Im currently working with the book Representation theory of semisimple groups by Anthony W. Knapp and im currently stuck in the proof of Theorem 8.7 where he proves that all matrix coefficients $g \mapsto \langle \pi(g)v,w\rangle$ are real analytic functions whenever $(\pi,V)$ is an admissible representation of G on a Hilbertspace V and $v$ is a K-finite vector in $V$ and $w \in V$. Here G is assumed to be connected linear reductive. He shows that a certain elliptic differential operator $D$ annihilates the matrix coefficient and since it is elliptic and has real analytic coefficients the matrix coefficient has to be analytic aswell. If I would know that $\sum_{i=1}^{n}X_{i}^{2}$ is elliptic I could deduce that $D$ is elliptic as well.
Knapp says that one can see that it is elliptic if one looks at $\sum_{i=1}^{n}X_{i}^{2}$ in canonical coordinates of the first kind given by the exponential map relative to the basis $X_{1},...,X_{n}$ . I tried this but I failed. I would really appreciate the help. Cheers
I'm not entirely confident that I remember the context of such a discussion in Knapp's books, but...

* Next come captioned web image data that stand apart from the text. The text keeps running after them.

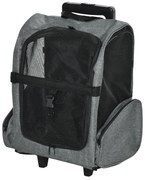 PawHut Rucsac 2 în 1 pentru Câini și Pisici cu Buzunare Laterale, Mâner Telescopic și Roți, 42x25x55 cm, Gri | Aosom Romania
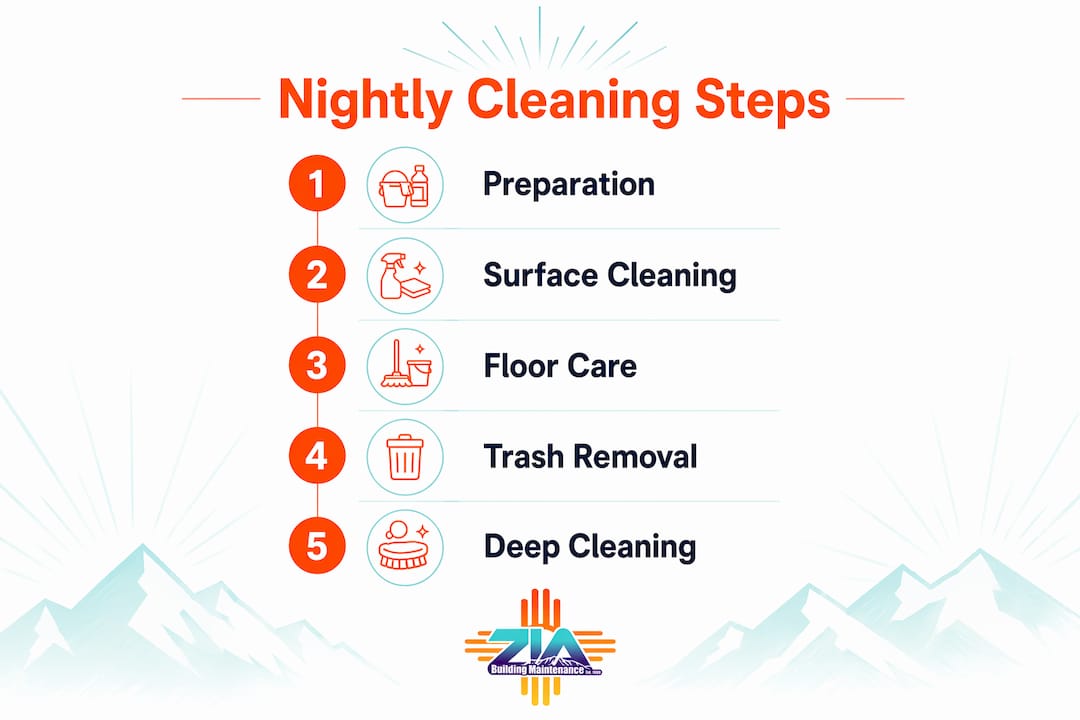 Infographic illustrating nightly retail cleaning process steps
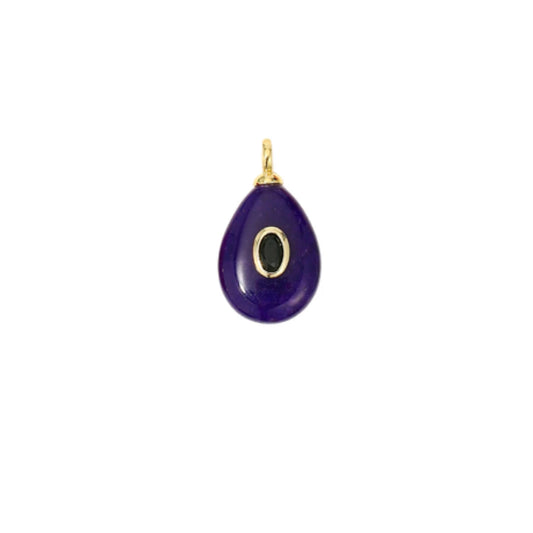 Deep Violet Teardrop Stone Charm with CZ Accent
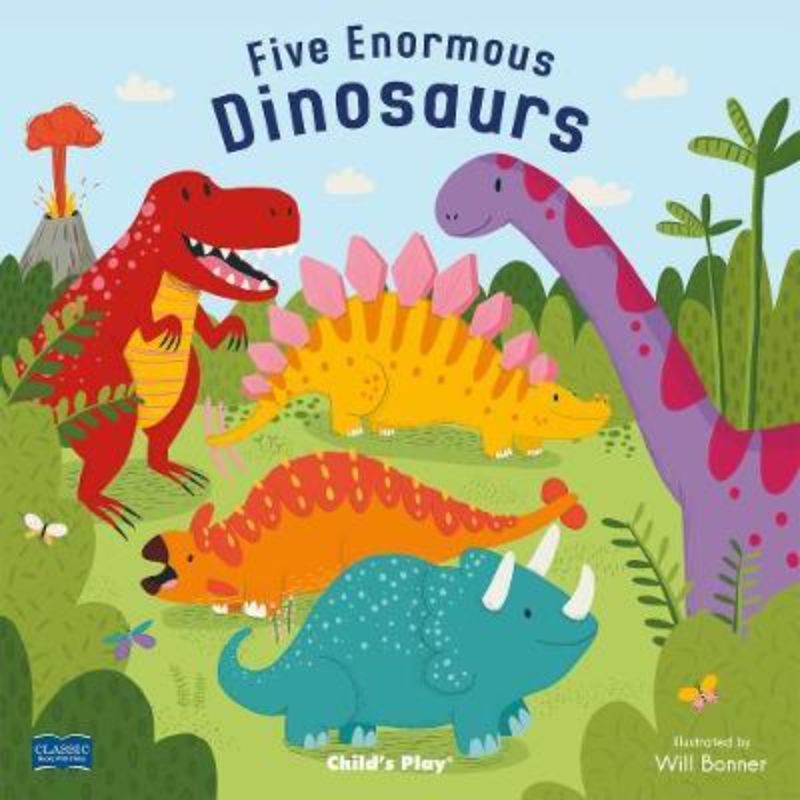 Colorful softcover children's book featuring five enormous dinosaurs and engaging die-cut designs for interactive learning.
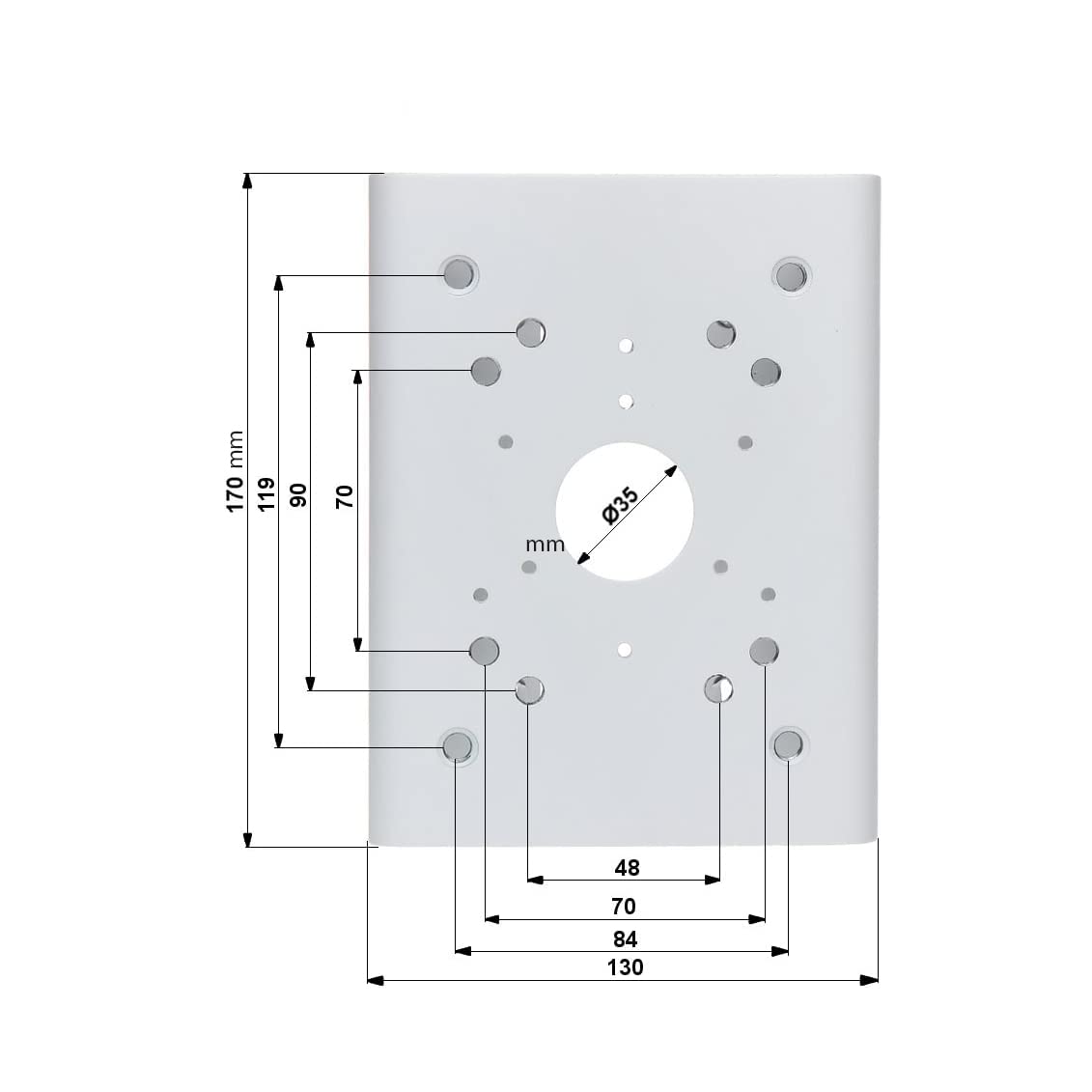 PFA150 Pole Mount Bracket for Dahua IP and CVI Cameras, White, Pack of 1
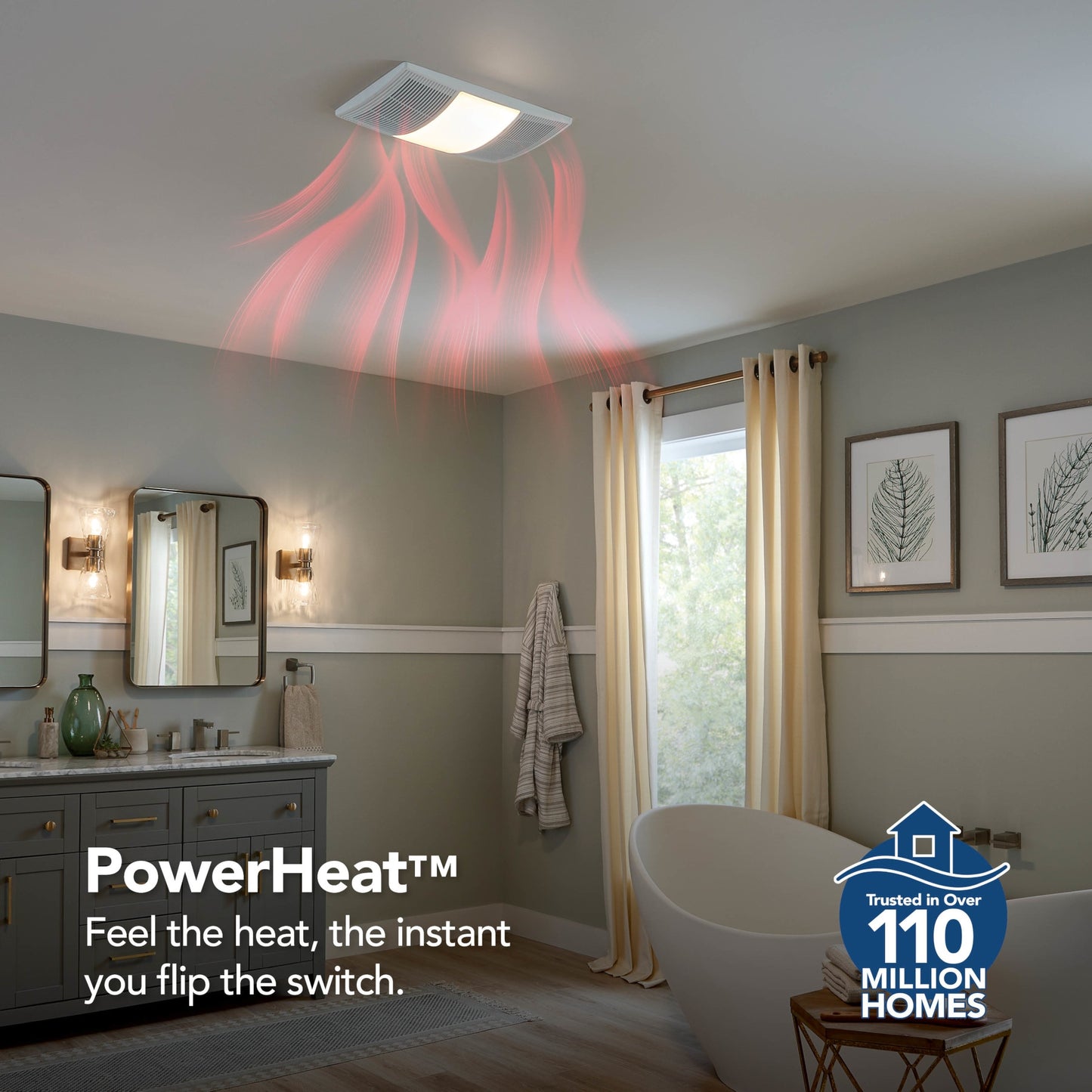 Broan PowerHeat Lighted Bathroom Fan & Heater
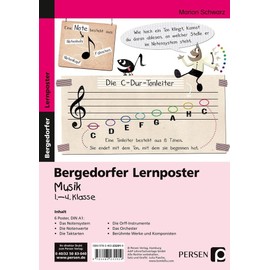 Lernposter Musik - 1.-4. Klasse: 6 Poster für den Klassenraum (Bergedorfer® Lernposter)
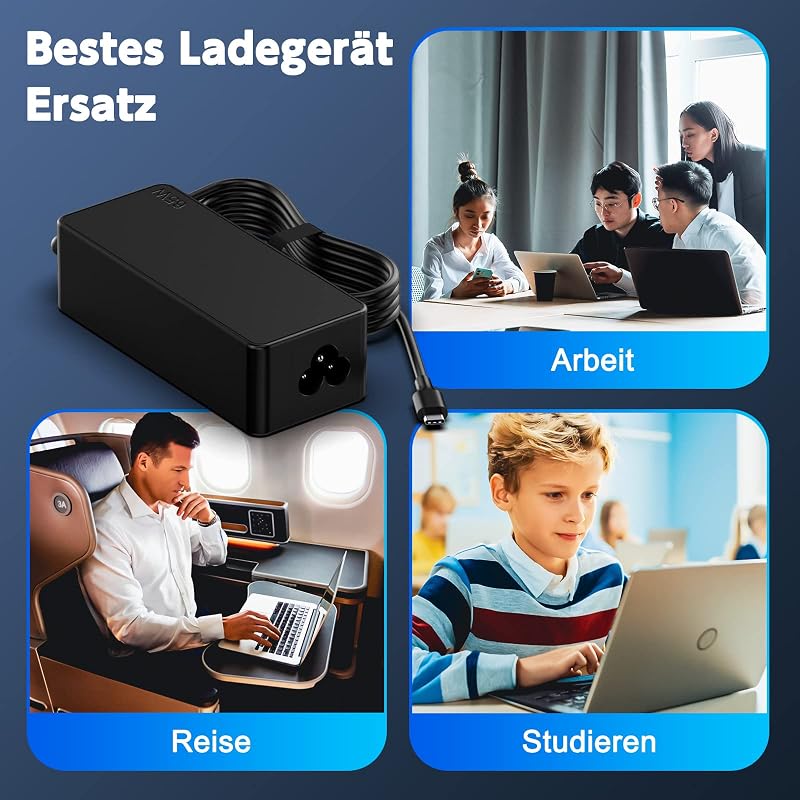 65W Laptop Ladekabel USB C Netzteil für Lenovo ThinkPad T14 T15 L13 L14 L15 E14 E15,X1 Carbon T470 T480 T490 T590 E580 E590 E595 Yoga 7i 9i C740 720 730 720-13ikb C930 C940 C340-11 Ladegerät Adapter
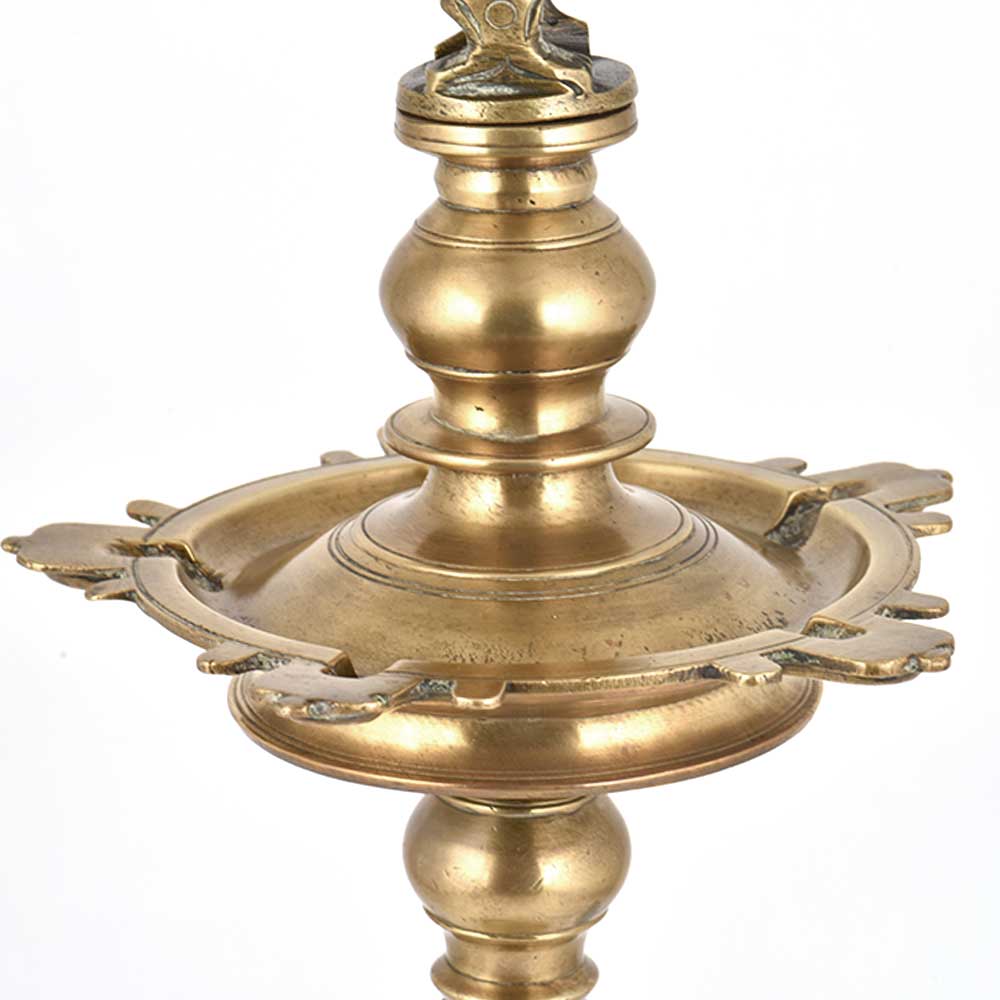 Peacock Oil Lamp Diya in Fine Carving for Puja Worship for arti by Bharat Haat BH00506 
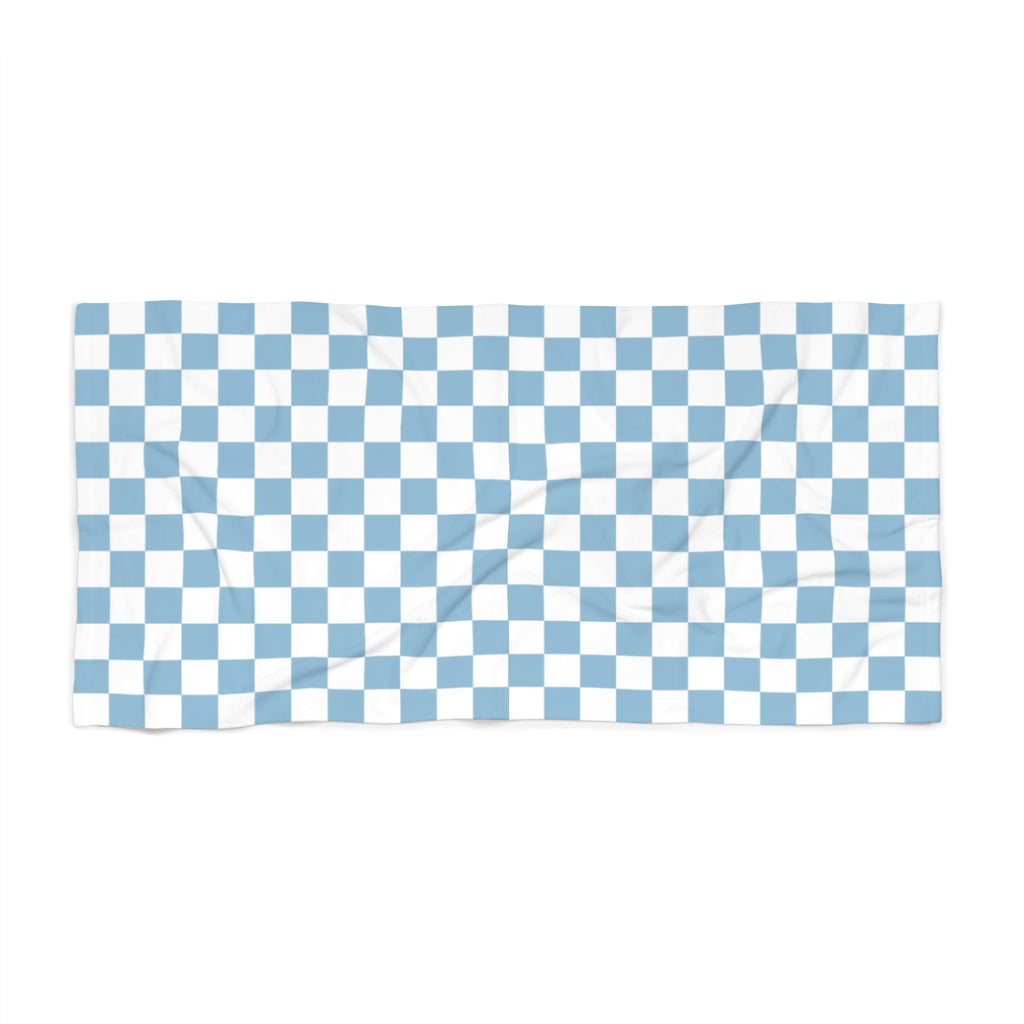 Blue Checkered Towel for Summer Fun, Perfect for Beach Days, Pool Parties, Picnics, and Gifts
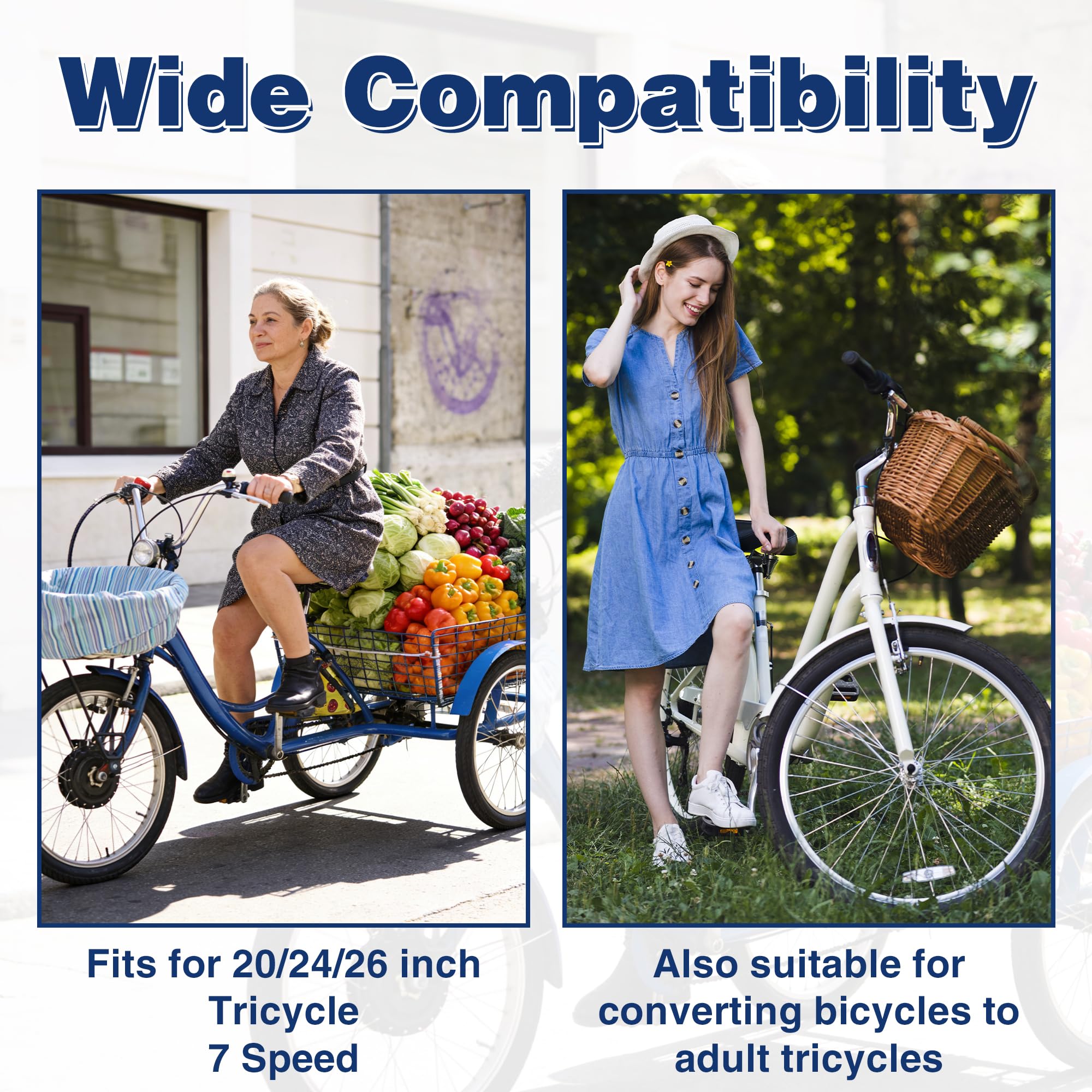 Amazon.com: FOMAS Eje trasero de triciclo, kit de conversión de triciclo de  7 velocidades, eje de 0.591 in, marco blanco o negro. Esta pieza de  triciclo es adecuada para bicicletas o motocicletas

First, the literal expression $\sum_i X_i^2$ for an arbitrary basis of the Lie algebra is not well-defined, by far. Not even close.
Second, a well-defined thing is $\sum_i X_i\cdot X_i^*$, where $X_i^*$ are the dual basis vectors via the Killing form... for a semi-simple Lie algebra. This gives the Casimir operator, whose basis-independence can be verified by silly calculations (as are popular), or by coordinate-free characterizations.
Even then, the Casimir element is not at all elliptic unless the Lie group is compact. But, on functions on $G$ with restricted right $K$-type, it is elliptic, etc.